Another route to the overpaid column, though, is the bestselling book. Delingpole has already published three novels without overwhelming success, and apparently there are more on the way. In the meantime arrives this strange little volume, a Christmas book in all but timing, a humorous polemic on right-wingness. James is, of course, fantastically right wing, and likes nothing better than to stick it up the noses of the lefty liberals he despises. Indeed, the book is subtitled ‘The Essential Guide to Making Lefty Liberals History’, which to me is an irresistible taunt. Although I may have been writing for The Spectator for nearly 20 years, I would certainly describe myself as a ‘lefty liberal’. Good grief, I live in north London, I’m not married to the mother of my children, who go to Steiner schools, and I wouldn’t vote Conservative if you paid me (although, admittedly, no one has yet offered). As far as Delingpole is concerned, I am exactly the sort of person who should be reading his book.
So it’s curious that I find myself agreeing with so much that he says. Or rather, shouts. The book is an A-Z of brief but cogent rants, of a similar format to the bestselling (but I thought witless) Is it Just Me or is Everything Shit? All the usual manifestations of modern silliness are here. Compensation culture. Wind farms. The expurgation of Enid Blyton to remove names like ‘Fanny’ and ‘Dick’. Health & Safety jobsworths. Ambulance- chasing lawyers. James is especially rude about the Germans and the French, and has some good one-liners. Of ‘Porritt, Jonathan’, he writes: ‘Posho green activist with major social advantage over George Monbiot (qv): he went to Eton, not Stowe.’ When he doesn’t make you laugh, he can seem a bit silly. For instance, he consistently accuses ‘the left’ of stifling debate, while doing the same thing himself on every page with wild generalisations that brook no argument. Sometimes he misses the point so completely it looks wilful. At other times he is spot on.
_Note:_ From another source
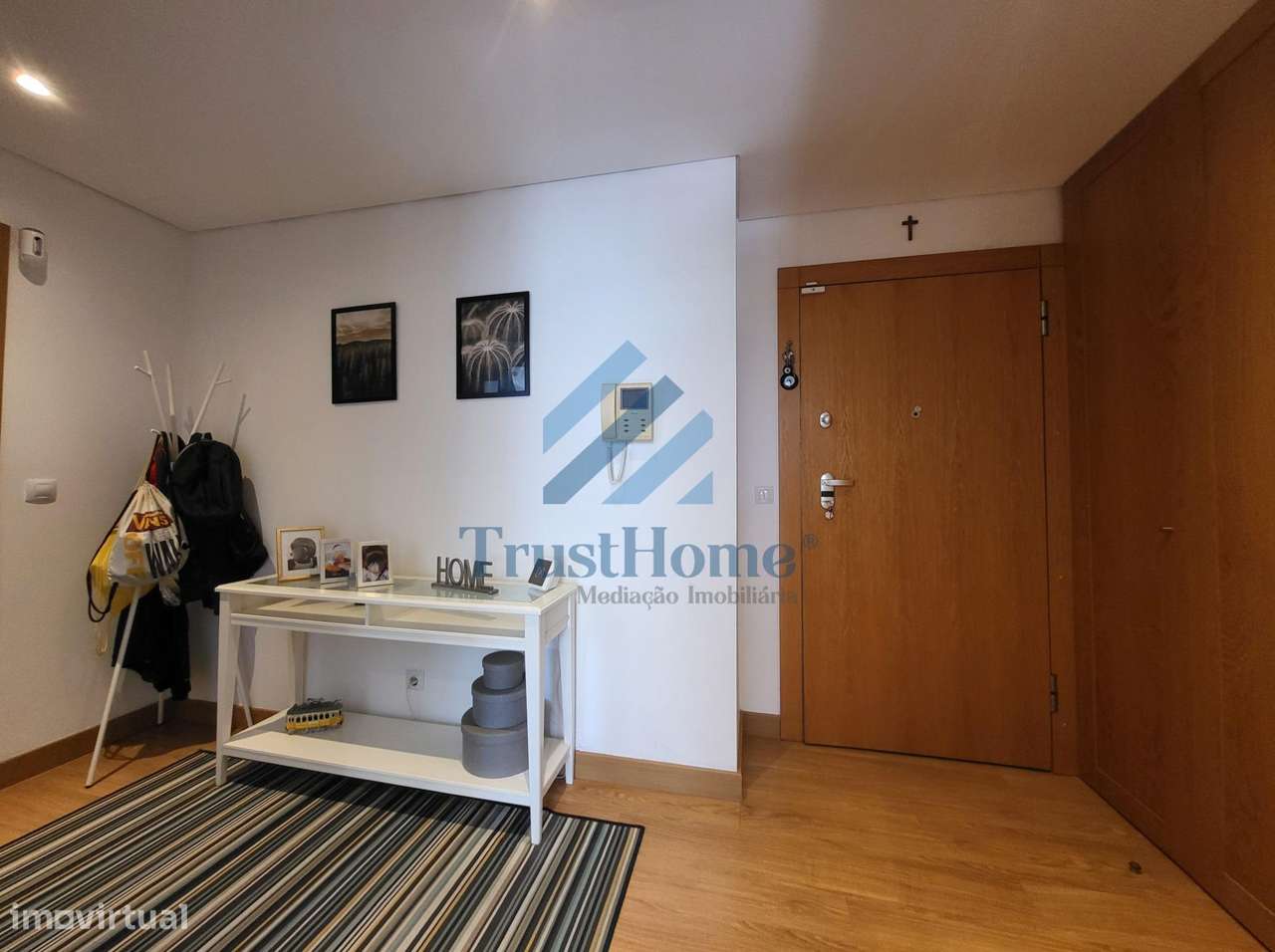 T3 em condomínio privado com dois lugares parqueamento - Grande imagem: 4/40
The odd thing, though, was that I didn’t particularly feel that he was having a go at me, or any lefty liberals I have ever met. You don’t have to be right-wing, as far as I’m concerned, to be irritated by BBC 2’s old dancing wheelchairs ident, or Bono, or the director-general of the Leonard Cheshire Charity suggesting they take the words ‘Leonard’ and ‘Cheshire’ out of the charity’s name because they don’t mean anything to young people. By the same token, his attitudes towards gays and drugs would not be recognised as right-wing by, say, Norman Tebbit. His seems a very selective definition of right-wingness, or merely a very personal one. It may be that all our notions of right- and left-wingness are far more subjective and fluid than any of us realise.
So will this make his fortune? I hope so. James is a good egg and a one-off and has school fees to pay. He remains, in many ways, a big kid, and I suspect some reviewers will rip into him for some callow opinions and his characteristic near-worship of the British upper classes. But his book has wit and boundless energy and is a thousand times better than the books of the big-faced buffoon and bully Clarkson, whose sales (and columns) James clearly has an eye on. Newspaper editors, a fearless and mouthy columnist has here presented his c.v. in convenient paperback form. The rest is up to you.